### Exercise prompt
This task asks for the lines from the one with "I and X: I is" to the final line below, repeated exactly, with pictures omitted.

### Extracted data

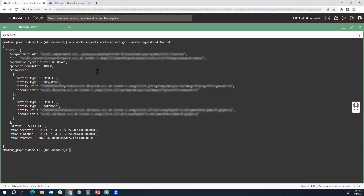Welcome back — the patching has been completed. I executed the command again and you can see the patch percentage is 100% complete, and the same is also visible from the console. That is how easily you can automate the database patching of your Oracle-based database using OCI CLI. I hope it was useful — I'll meet you again with another interesting video. Thank you.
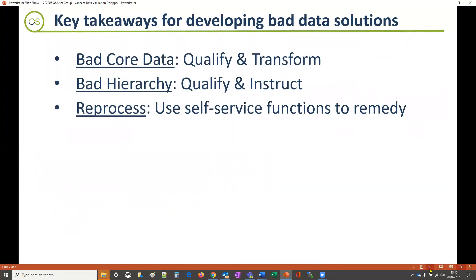To summarize, the key takeaways to consider when developing data solutions for bad data are: number one, make sure the data quality is checked and it can be transformed to make it clean; number two, be sure to validate against hierarchies and ensure it can be transformed to support business scenarios; and finally, make sure self-service functions and processes are used to cleanse and resolve the data.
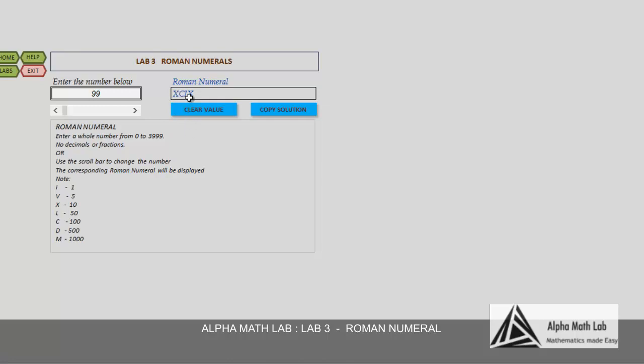I and X: I is 1 and X is 10, so the IX combination makes 9. Therefore, 99 is represented by XCIX.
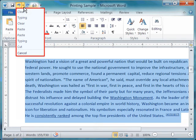Just so you know, the undo feature and all the options you have here will only stay within your document while you are in it. If you save and then close out your document and go back in, these undo options will be cleared out.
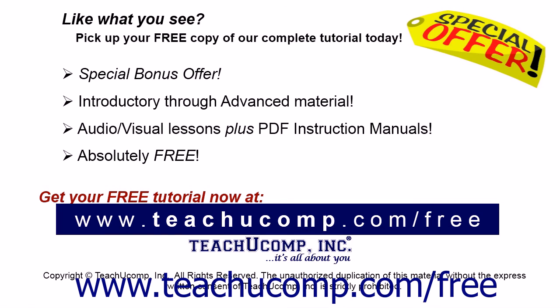Like what you see? Pick up your free copy of the complete tutorial at www.teachucomp.com/free.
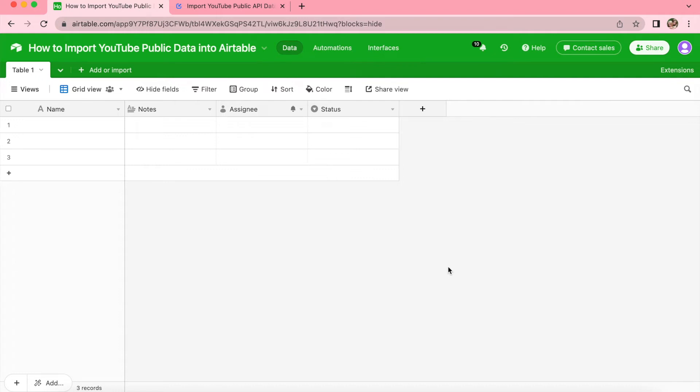Hello and welcome. Today in this easy-to-follow guide we'll import publicly available data from YouTube into Airtable using the Data Fetcher extension.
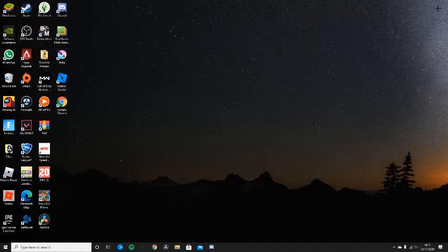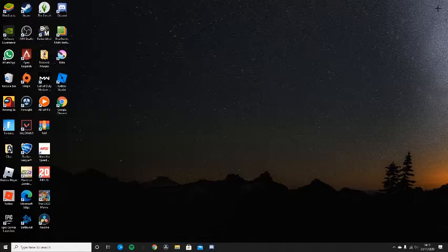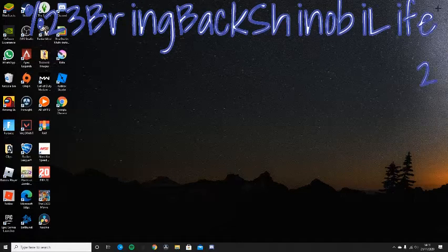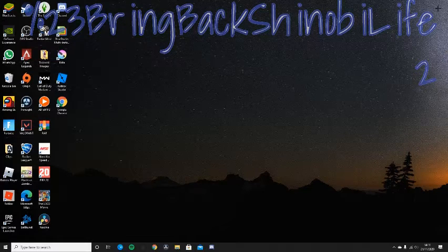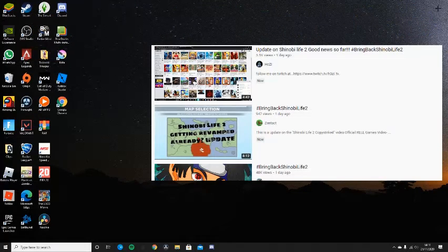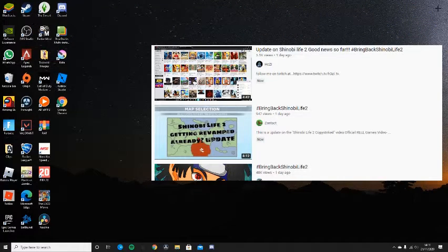So guys, I want you to spread this out, hashtag bring back shinobi live 2. Up here on the screen right now, loads of people did this before me.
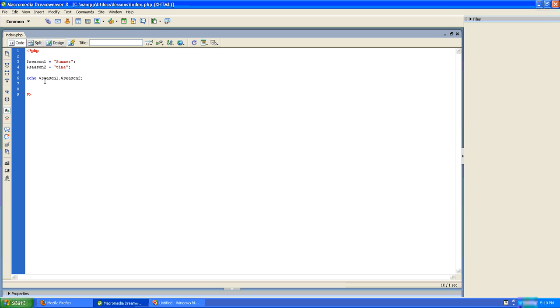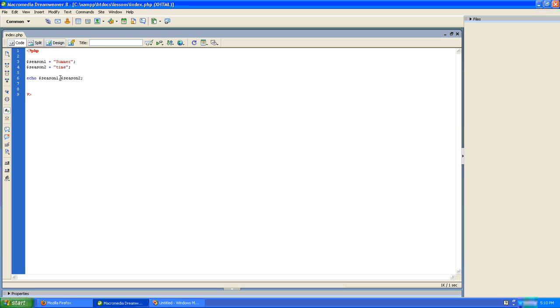We did not echo the entire word summertime to the screen. We echoed two strings. The first string is equal to the word summer. And the second string is equal to the word time. We echo these two variables together at the same time. But we concatenate them with the concatenation operator, which is simply a dot.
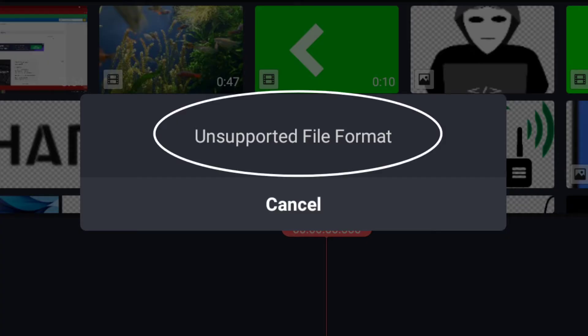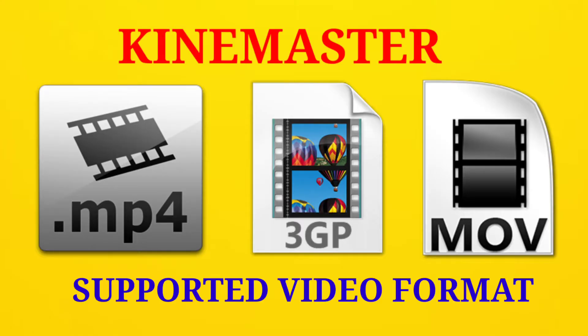Hello guys, in this another fast video tutorial in GiveTips, how to fix unsupported file format in KineMaster video editing application. KineMaster only supports the file video formats MP4, 3GP, and MOV files.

### Answer to the exercise
I and X: I is 1 and X is 10, so the IX combination makes 9. Therefore, 99 is represented by XCIX.
Just so you know, the undo feature and all the options you have here will only stay within your document while you are in it. If you save and then close out your document and go back in, these undo options will be cleared out.
Like what you see? Pick up your free copy of the complete tutorial at www.teachucomp.com/free.
Hello and welcome. Today in this easy-to-follow guide we'll import publicly available data from YouTube into Airtable using the Data Fetcher extension.
So guys, I want you to spread this out, hashtag bring back shinobi live 2. Up here on the screen right now, loads of people did this before me.
We did not echo the entire word summertime to the screen. We echoed two strings. The first string is equal to the word summer. And the second string is equal to the word time. We echo these two variables together at the same time. But we concatenate them with the concatenation operator, which is simply a dot.
Hello guys, in this another fast video tutorial in GiveTips, how to fix unsupported file format in KineMaster video editing application. KineMaster only supports the file video formats MP4, 3GP, and MOV files.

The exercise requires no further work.